Using UEFI is recommended.

Optional: Virt-Manager config for Wayland

If you want to install NixOS with Wayland support inside a VM using Virt-Manager, enable 3D acceleration by checking Customize configuration before install:

  1. Go to Display <VNC or Spice> and select Spice Server under Type. Select None under Listen type. Check OpenGL and select a device that is not from Nvidia.
  2. Go to Video <some name> and select Virtio under Model. Check 3D acceleration.
  3. Click Begin installation in the top left corner.

If you get the error:

Unable to complete install: 'unsupported configuration: domain configuration does not support video model 'virtio''

Install the package qemu-full:

sudo pacman -Syy qemu-full

assuming you are on Arch Linux

Then, reboot.

Steps

Boot into NixOS ISO image on your target machine.
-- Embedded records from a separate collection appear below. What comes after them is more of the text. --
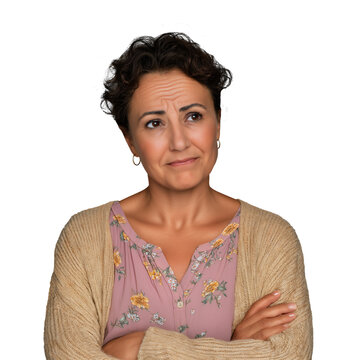 Middle-age Hispanic woman with worried and anxious expression, looking off to side with arms crossed, isolated on white or transparent background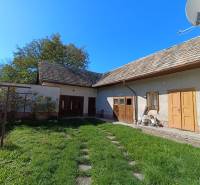 : Predaj rodinného domu s veľkým pozemkom v obci Pitelová  - Rodinný dom v Pitelovej s drevenou strechou a zelenou záhradou.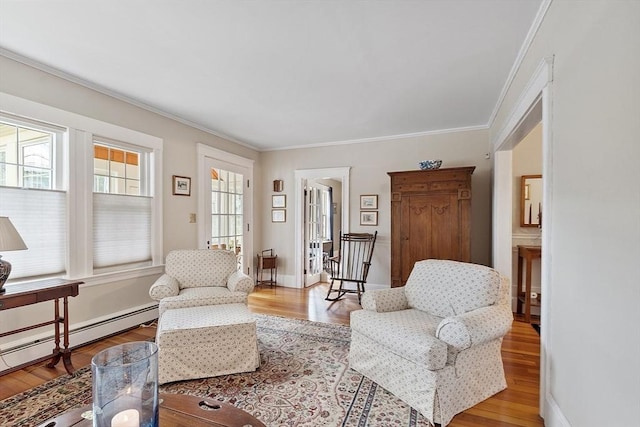 4 Pleasant View St, Methuen, MA 01844 - sitting room featuring a baseboard heating unit, ornamental molding, wood finished floors, and baseboards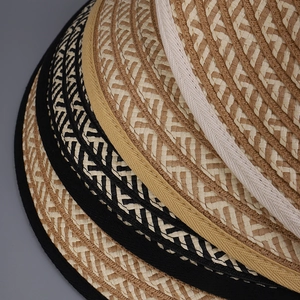 Women's woven sun hat with wide brim in beige, yellow, and black edge detailing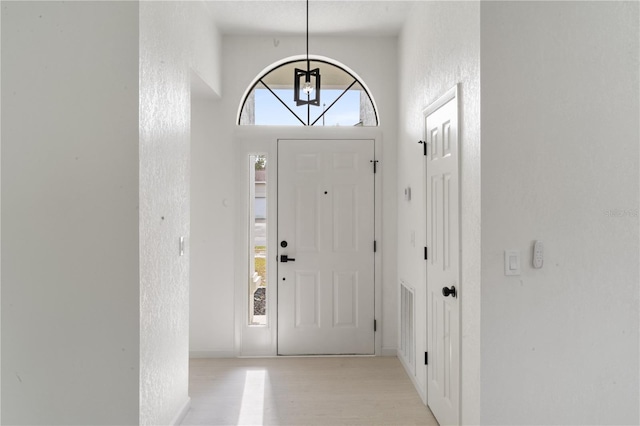 foyer entrance featuring a towering ceiling and light hardwood / wood-style floors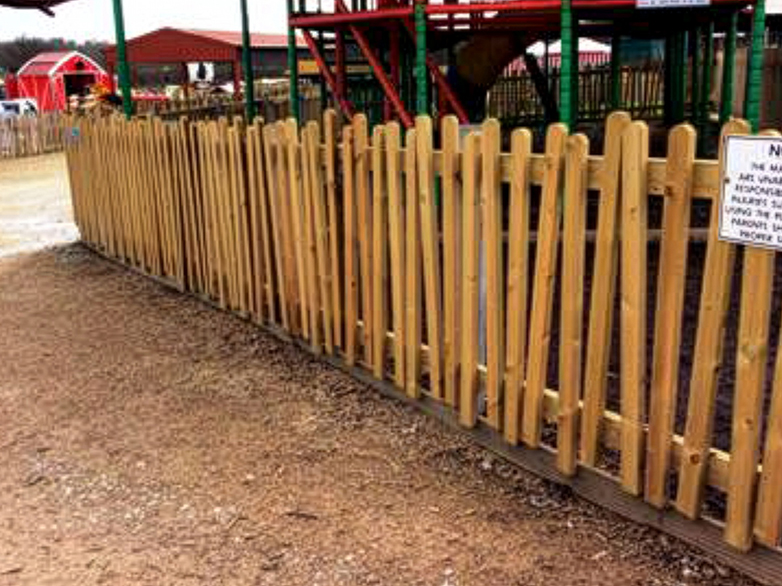 Close up of picket fence at farm park enclosure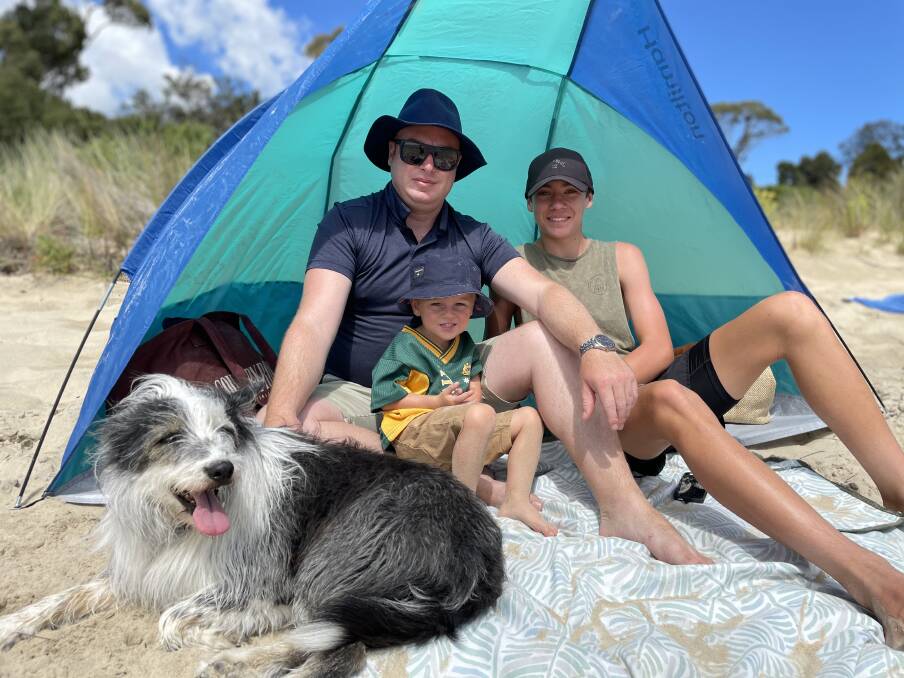 Josh, Archie and Thomas Riley with Roxy at Bridport on Australia Day. Picture: Brinley Duggan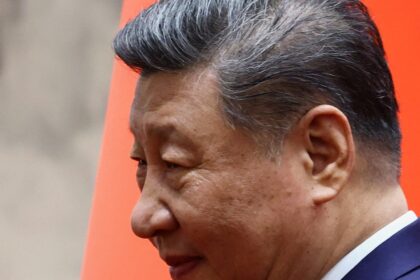 Xi Jinping en un discurso oficial con gráficos de 983.000 sanciones por corrupción en 2023, reflejando el control absoluto del Partido Comunista
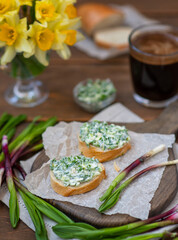 Bruschetta with garlic butter. Breakfast with fresh wild garlic. Spring seasonal products concept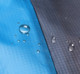 A water-resistant picnic blanket featuring a blue section and a grey section, with droplets of water on the surface.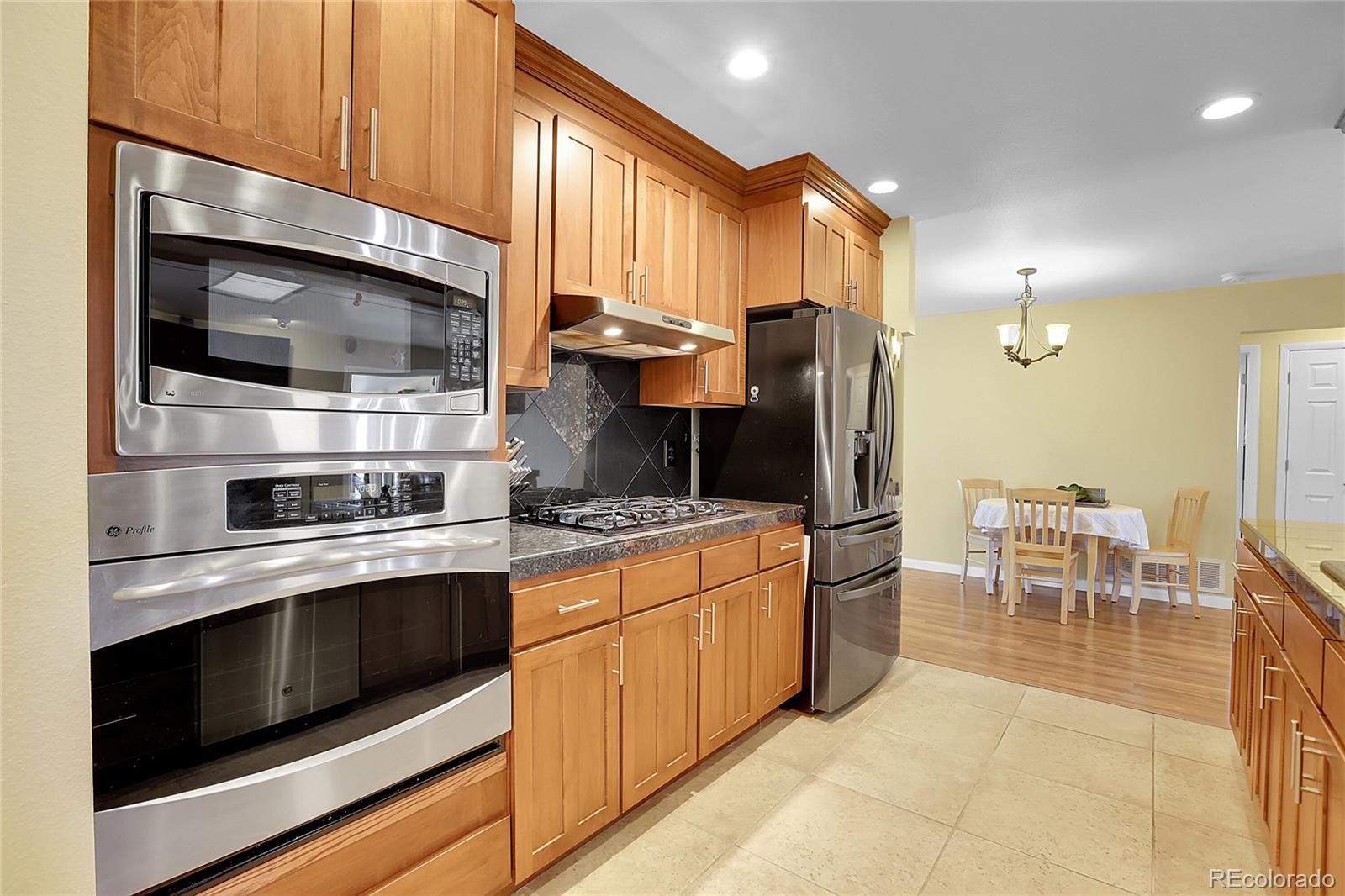 7539 East Easter Place Centennial, CO 80112 - Photo 12 of 40 a kitchen with stainless steel appliances a stove a microwave and a refrigerator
0. SSH into the Target Machine

If you are using a remote machine, set a password for the user nixos using passwd. Then, SSH into it using the following command:

ssh -o UserKnownHostsFile=/dev/null -o StrictHostKeyChecking=no nixos@<host-ip-address>

Replace <host-ip-address> with the IP address of the target machine which can be found using ip a.

1. Become root

The default user nixos has sudo privileges. Become root to run the install script:

sudo -i

2. Run the Install Script

Download the install script to the target machine and run it:

nix --experimental-features "nix-command flakes" run github:sid115/nix-core#apps.x86_64-linux.install -- \
-n HOST \
-r REPOSITORY

Replace HOST with the name of your target machine.
Replace REPOSITORY with your flake URL.
You can specify a branch with -b BRANCH (default: master)
Print the usage page with -h.
Change the architecture if needed.

3. Reboot your System

Once the installation completes, unmount the installation medium:

umount -Rl /mnt

If you have your root file system on ZFS, export all pools: zpool export -a

Then, you can safely remove the installation medium and reboot your machine:

If you generated a new hardware configuration, you should save it before rebooting:
cat /tmp/nixos/hosts/HOSTNAME/hardware.nix

reboot now

4. Login

Upon reboot, your system will boot into the newly installed NixOS. Login as a valid user defined in the configuration of the host (hosts/HOSTNAME/default.nix). The default initial password is changeme. Change your password with passwd after login.

5. Optional: Import age keys

If you use sops-nix with age in you Home Manager configuration, you need to import your age keys:

mkdir -p ~/.config/sops/age
cp /PATH/TO/YOUR/keys.txt ~/.config/sops/age/keys.txt

6. Clone your Repository

Git is installed on every system by default. Clone your flake repository to your home directory:

git clone YOUR_GIT_REPO_URL ~/.config/nixos

The rebuild script expects your flake to be in ~/.config/nixos

7. Apply your Home Manager Configuration

Home Manager is not installed by default. Enter the development shell to apply the configuration:

nix-shell ~/.config/nixos/shell.nix --run 'rebuild home'

8. Reboot your System

Once the home-manager configuration is applied, reboot your system:

sudo reboot now

You may now log in. Your system is now fully configured.